Effective March 22, 2019.

FOR FURTHER INFORMATION CONTACT:

Regan A. Smith, General Counsel and Associate Register of Copyrights, by email at regans@copyright.gov, Steve Ruwe, Assistant General Counsel, by email at sruwe@copyright.gov, or Jason E. Sloan, Assistant General Counsel, by email at jslo@copyright.gov. Each can be contacted by telephone by calling (202) 707-8350.

SUPPLEMENTARY INFORMATION:

On October 11, 2018, the president signed into law the Orrin G. Hatch-Bob Goodlatte Music Modernization Act (“MMA”) which, among other things, substantially modified the compulsory “mechanical” license for making and distributing phonorecords of nondramatic musical works available under 17 U.S.C. 115.[1] On December 7, 2018, the Copyright Office published in the Federal Register an interim rule amending the Office's section 115-related regulations to harmonize them with the MMA's requirements, and to make other minor technical updates.[2] The amendments largely concerned statements of account and notices of intention to obtain a compulsory license. The Office did not receive any comments from the public in response to the interim rule. As a result, the Office is adopting the amendments promulgated through the interim rule as final without change.

In addition to adopting the interim rule as final, the final rule makes further technical changes to update cross-references to regulations that were recently amended by the Copyright Royalty Judges (“CRJs”). On February 5, 2019, the CRJs published in the Federal Register a final determination in In re Determination of Royalty Rates and Terms for Making and Distributing Phonorecords (Phonorecords III), Docket No. 16-CRB-0003-PR (2018-2022).[3] The CRJs' final determination amended 37 CFR part 385, which contains regulations setting forth the rates and terms of royalty payments for use of the section 115 license.

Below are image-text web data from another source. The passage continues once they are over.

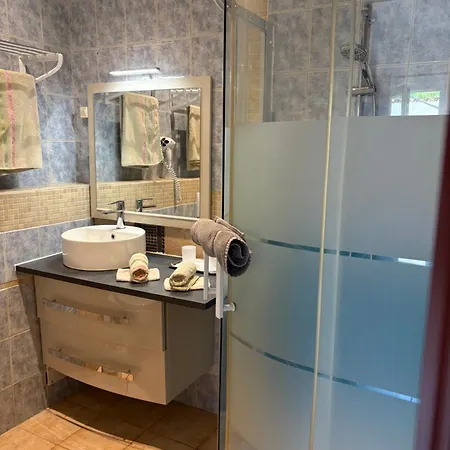 Casa Di Floumy Bed & Breakfast 2*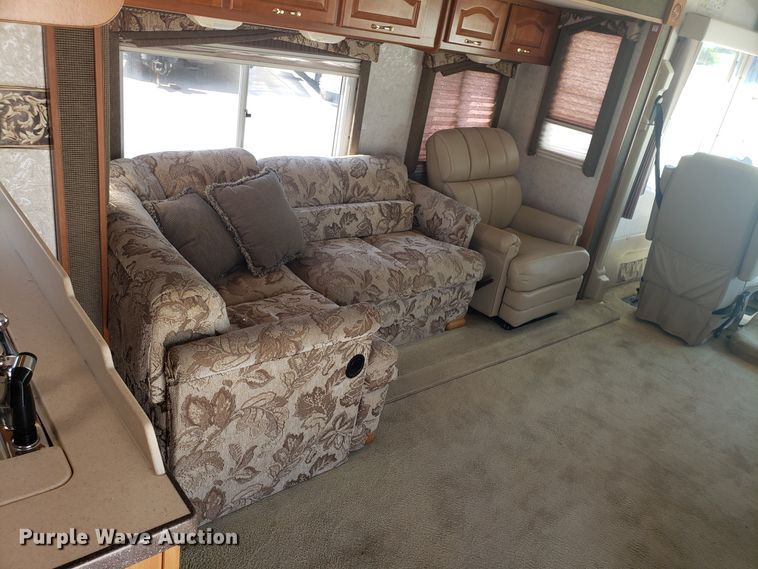 image for item FL9061 2002 Ford Intruder RV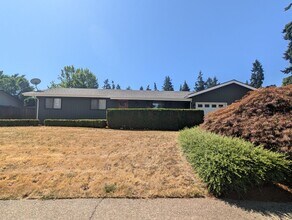 400 Kingsbury Ave in Eugene, OR - Building Photo - Building Photo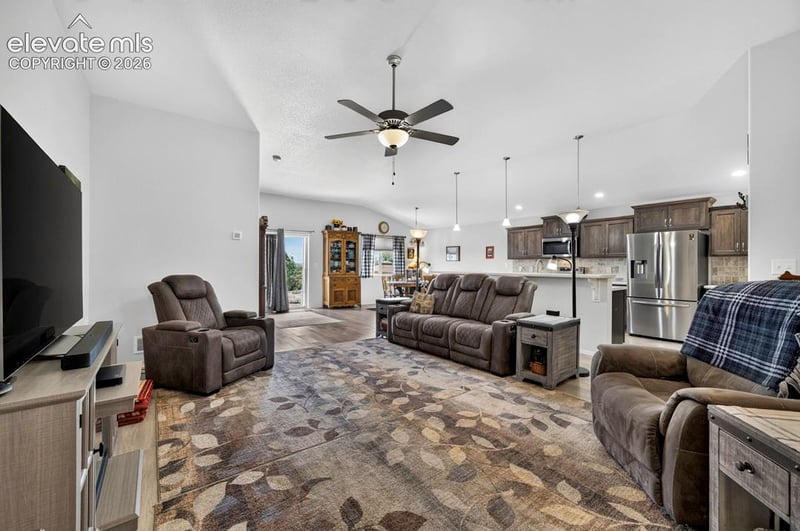 1005 N Kirkwood Dr, Pueblo, CO 81007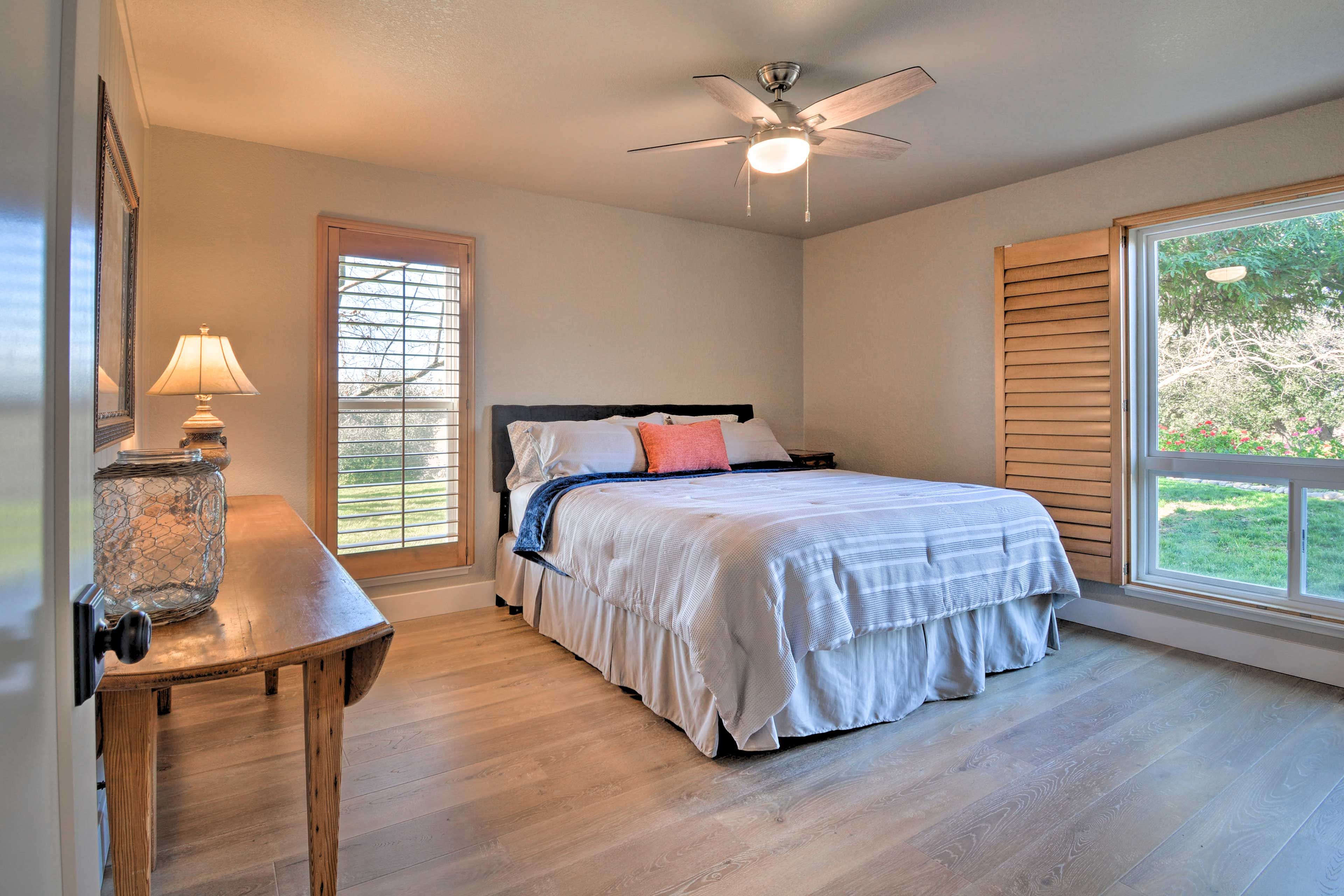 Bedroom 3 | Queen Bed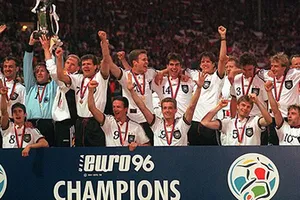 Những cột mốc tại 15 vòng chung kết Euro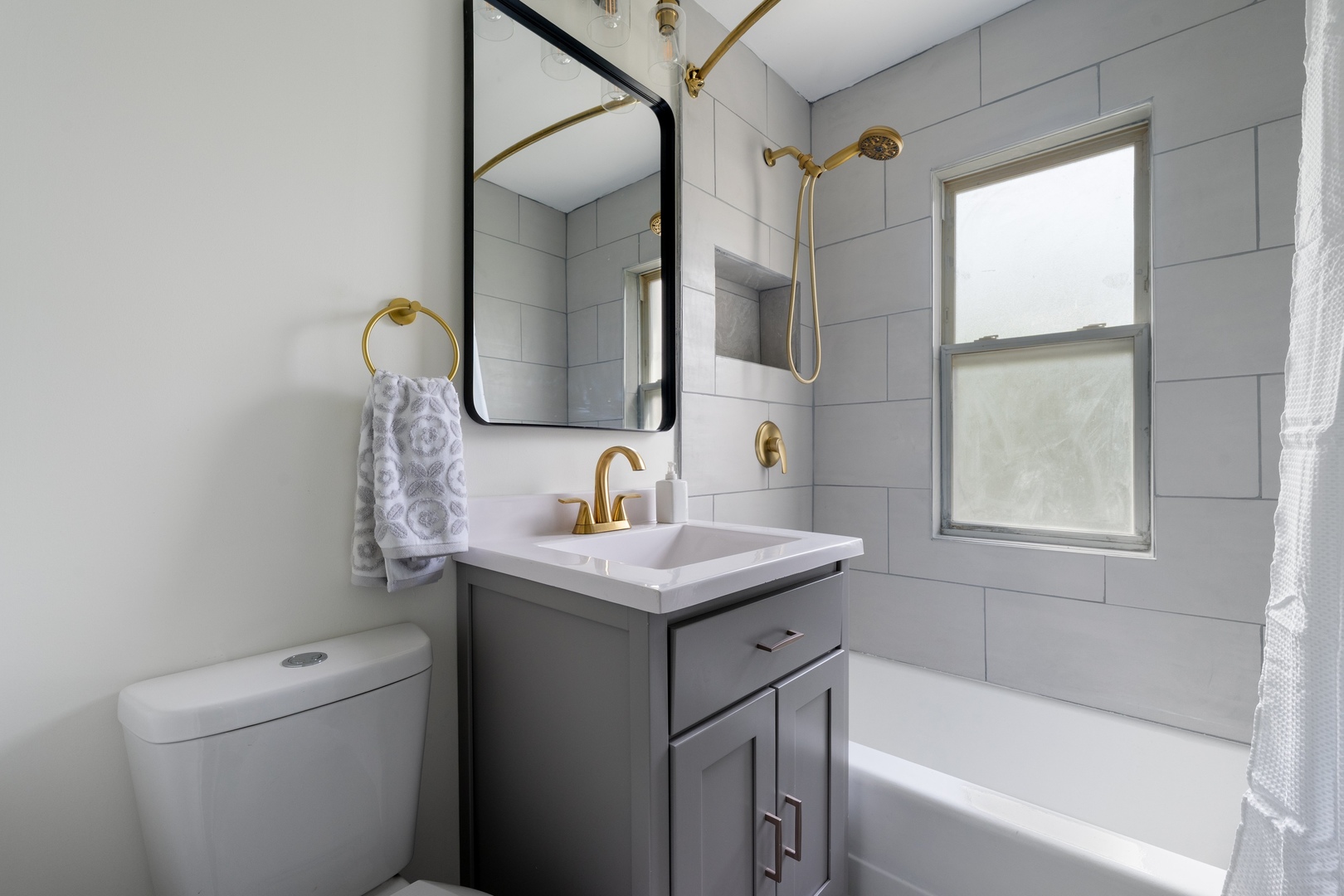 715 East 105th Place Chicago, IL 60628 - Photo 11 of 26 a bathroom with a sink toilet vanity and bathtub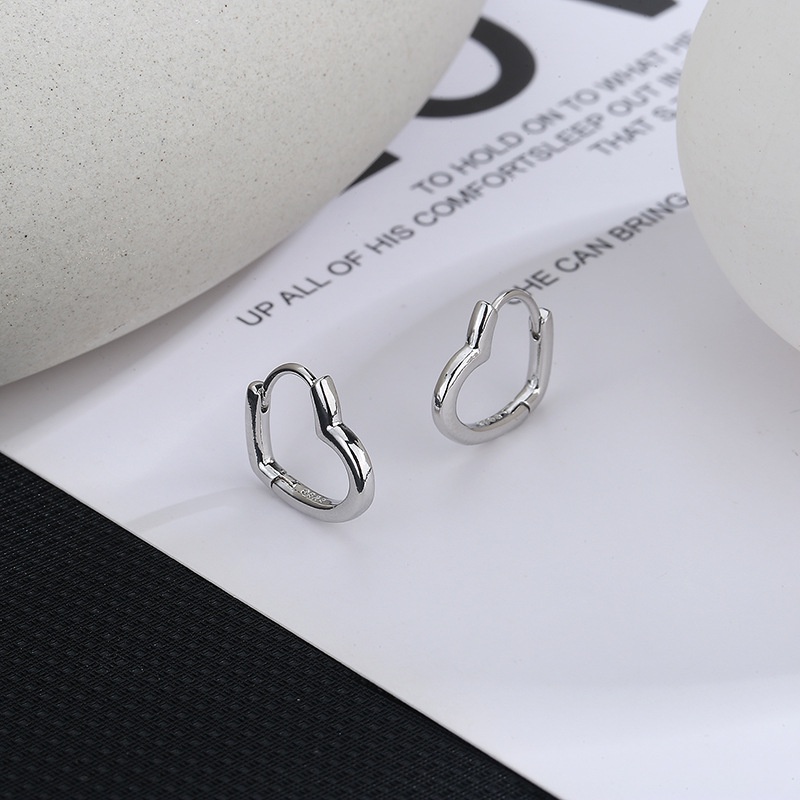 Khuyên tai trái tim mạ bạc xinh xắn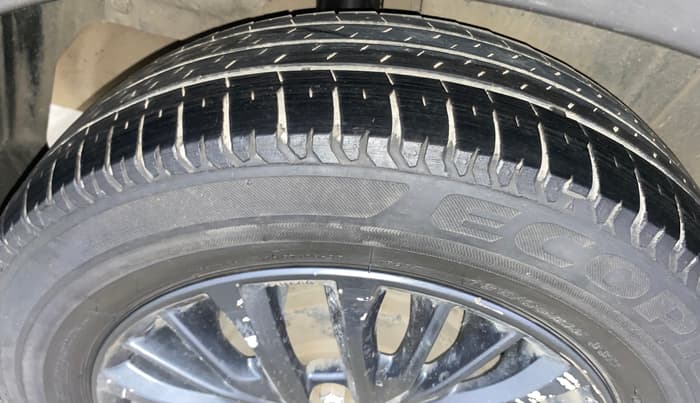 2021 Maruti XL6 ZETA MT, Petrol, Manual, 42,231 km, Right Rear Tyre Tread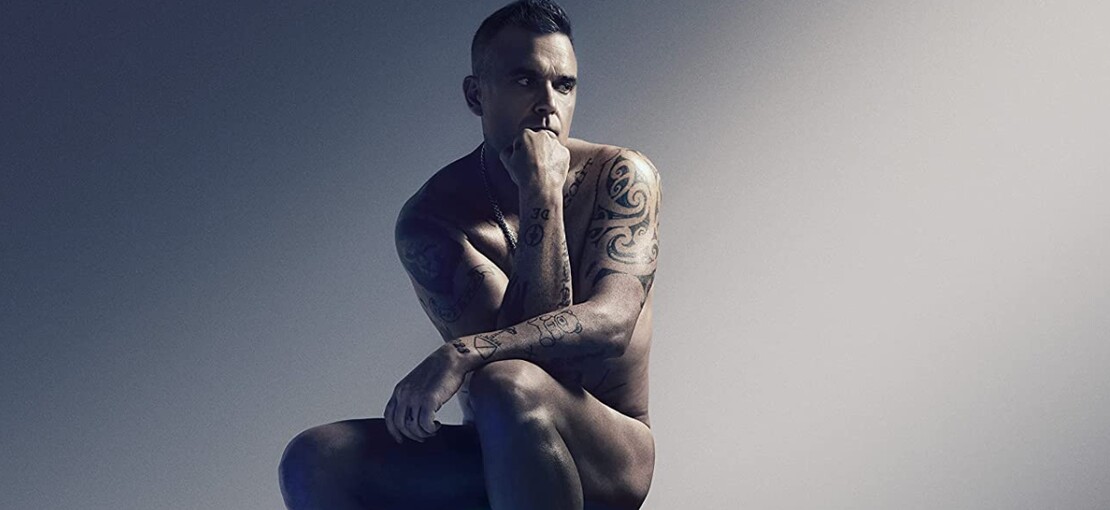Obrázek k článku RECENZE: Obnažený Robbie Williams usedl, zamyslel se a bestofku natočil trochu jinak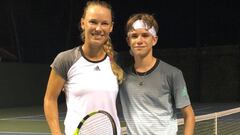 Romeo Beckham posa junto a la tenista Caroline Wozniacki tras un entrenamiento.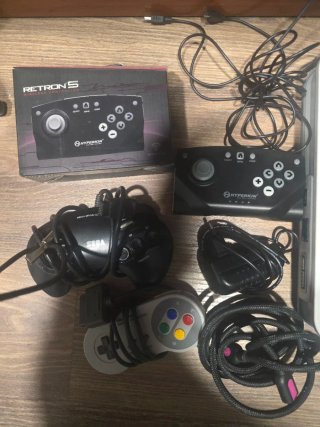 Consola Retron 5 con juegos y mandos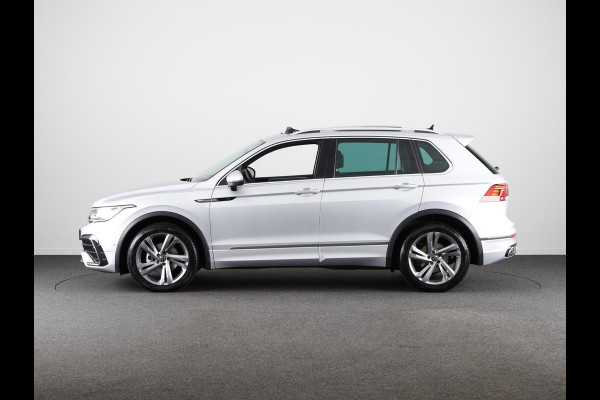 Volkswagen Tiguan 1.5 TSI R-Line Business 150 pk Automaat (DSG) | Verlengde garantie | Navigatie | Panoramadak | Elektr. trekhaak | Parkeersensoren (Park assist) | Achteruitrijcamera | Stoelverwarming | R-Line |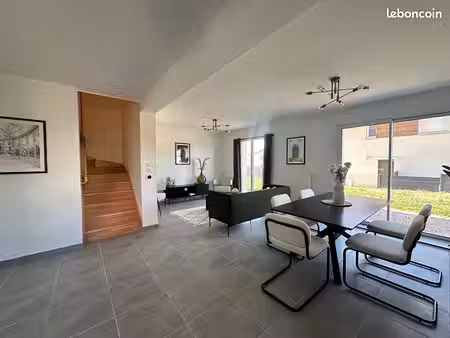 maison 4 pièces 94 m²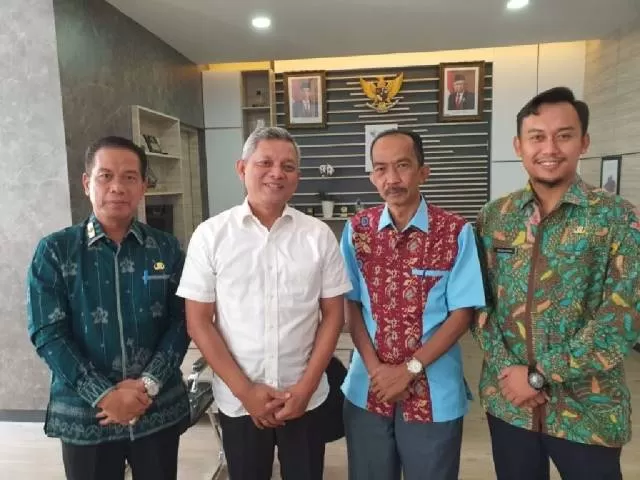 INSTALASI: Kadis DKUMP2 Tanbu Denny Harianto (kiri) saat ingin menemui Direktur Metrologi Kementerian Perdagangan di Bandung, Jawa Barat.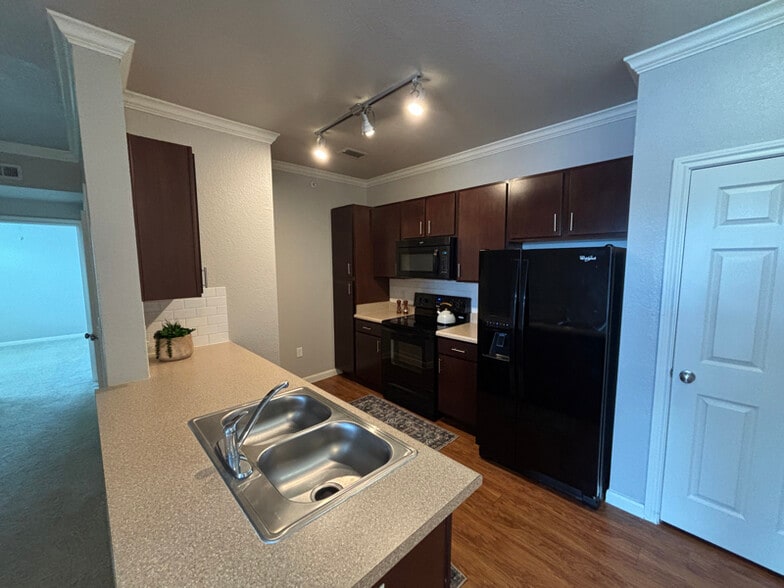 Primary Photo - 1811 Medical Pkwy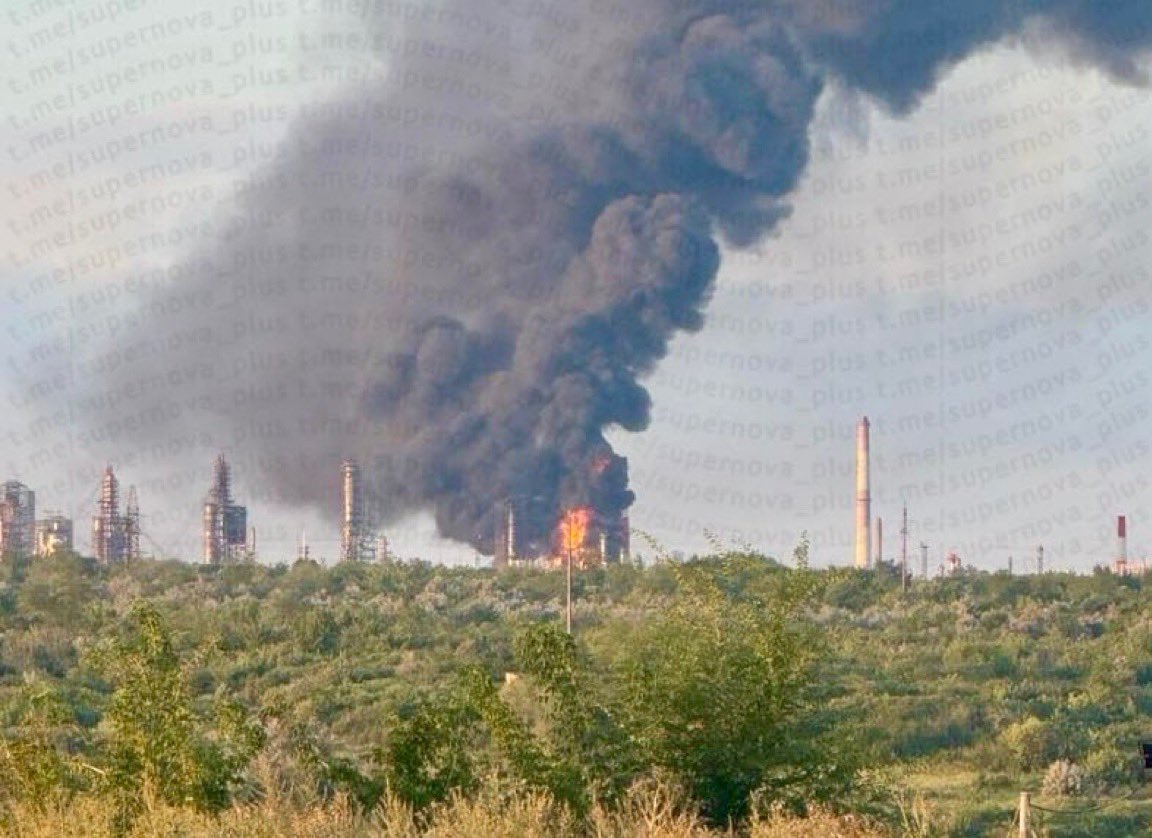 CasetaBosque's tweet photo. 🪖‼️‼️🇺🇦🇷🇺ÚLTIMA HORA🇷🇺🇺🇦‼️‼️🪖

⚡️Se reporta que múltiples drones ucranianos 🇺🇦 están atacando la refinería de petróleo de Syzran, Rusia 🇷🇺, ubicada a más de 800 kilómetros del frente.

La capacidad de esta refinería rusa 🇷🇺 se encuentra alrededor de 8,5 millones de toneladas al año, lo que supone el ~3% de la capacidad total de refinación del país.

Ucrania 🇺🇦 continúa con su campaña contra el corazón económico del Kremlin 🇷🇺.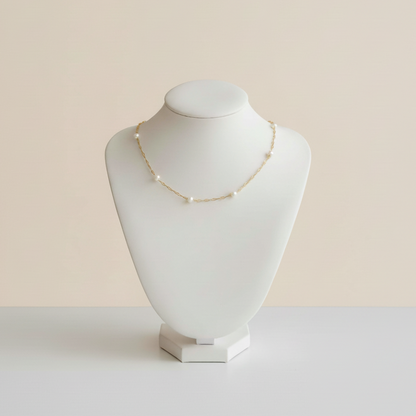 Pura | Dainty Pearl Necklace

The CRJs' changes have rendered obsolete some of the cross-references to part 385 contained in the Copyright Office's regulations governing statements of account under the section 115 license, and the final rule updates the relevant cross-references.

Because the updates are technical and non-substantive changes that do not “alter the rights or interests of parties,” they are not subject to the notice and comment requirements of the Administrative Procedure Act.[4] Furthermore, the Office finds good cause that providing notice and comment is “impracticable” and “contrary to the public interest” in this instance because the CRJs' new regulations are already effective, and delaying removal of the obsolete cross-references in the Office's regulations may cause confusion among those parties required to serve statements of account under the compulsory license.[5] For these same reasons, the Office finds it appropriate to make the final rule effective upon publication.[6]

List of Subjects

37 CFR Part 201

  • Copyright
  • General provisions

37 CFR Part 203

  • Freedom of information

37 CFR Part 210

  • Copyright
  • Phonorecords
  • Recordings

Final Regulations

For the reasons set forth above, the Copyright Office adopts the interim rule amending 37 CFR parts 201, 203, and 210 which was published at 83 FR 63061 on December 7, 2018, as final with the following changes:

PART 210—COMPULSORY LICENSE FOR MAKING AND DISTRIBUTING PHYSICAL AND DIGITAL PHONORECORDS OF NONDRAMATIC MUSICAL WORKS

1. The authority citation for part 210 continues to read as follows:

Authority: 17 U.S.C. 115, 702.

§ 210.16
[Amended]

2. Amend § 210.16 as follows:

a. In paragraph (b)(8):

i. In the first sentence, remove “records of any promotional uses of the copyright owner's works that are required to be maintained or provided under § 385.14 or § 385.24 of this title, or other applicable provision, including, where applicable, records required to be maintained or provided by any third parties that were authorized by the compulsory licensee to engage in promotional uses during” and add in its place “records of any promotional or free trial uses of the copyright owner's works that are required to be maintained or provided under applicable provisions of part 385 of this title, or any other provisions, including, where applicable, records required to be maintained or provided by any third parties that were authorized by the compulsory licensee to engage in such uses during”.

ii. In the second sentence, remove “subject to the promotional royalty rate provided in § 385.14 or § 385.24 of this title, or any similar promotional royalty rate of zero” and add in its place “subject to any promotional or free trial royalty rate of zero”.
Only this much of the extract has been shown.